Flu vaccine ineffective for those over 65 reports CDC
This year’s particularly nasty flu season has hit two age groups to a greater degree and others: young children and seniors. Hospitalizations and deaths have been some of the highest ever recorded for the elderly. The Centers for Disease Control and Prevention (CDC) has an explanation. The agency found that only 9% of individuals age 65 and older have benefited from the flu vaccine this year. Despite that poor response rate, the CDC is still recommending that seniors receive the vaccine. The agency notes that the vaccine is effective in younger individuals—anyone over six months of age.

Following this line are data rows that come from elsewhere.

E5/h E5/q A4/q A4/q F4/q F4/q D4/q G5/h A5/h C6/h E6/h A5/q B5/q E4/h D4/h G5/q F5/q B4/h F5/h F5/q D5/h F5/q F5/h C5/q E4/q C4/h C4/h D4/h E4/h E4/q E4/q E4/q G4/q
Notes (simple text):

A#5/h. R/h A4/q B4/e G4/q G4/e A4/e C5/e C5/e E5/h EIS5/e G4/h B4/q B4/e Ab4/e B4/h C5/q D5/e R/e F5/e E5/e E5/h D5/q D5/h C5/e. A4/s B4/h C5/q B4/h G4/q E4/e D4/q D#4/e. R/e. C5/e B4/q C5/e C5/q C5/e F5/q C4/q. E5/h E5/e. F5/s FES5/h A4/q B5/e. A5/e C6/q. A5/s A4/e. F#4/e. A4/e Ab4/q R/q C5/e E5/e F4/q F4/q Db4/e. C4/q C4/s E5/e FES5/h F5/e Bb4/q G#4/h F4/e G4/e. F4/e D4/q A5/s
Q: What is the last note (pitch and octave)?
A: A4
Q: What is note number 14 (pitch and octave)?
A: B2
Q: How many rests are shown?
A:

The statistics were presented in the CDC’s Weekly Morbidity and Mortality Report released on February 21. The finding that only 9% of seniors benefited from the vaccine represents a level too low to be statistically significant; however, the CDC notes that even a small amount of protection is better than none. In addition to the foregoing, the study found that the vaccine has reduced hospitalizations and deaths among seniors. However, because of the limited protection that the vaccine may offer, the agency recommends that seniors who have been vaccinated and develop flu symptoms should seek prompt medical attention. For younger individuals, the vaccine has been found to reduce the need to see a physician for an infection by one-half to two-thirds. The latest CDC report was based on a survey of 2,697 children and adults by the U.S. Influenza Vaccine Effectiveness Network from December 3, 2012, through January 19, 2013.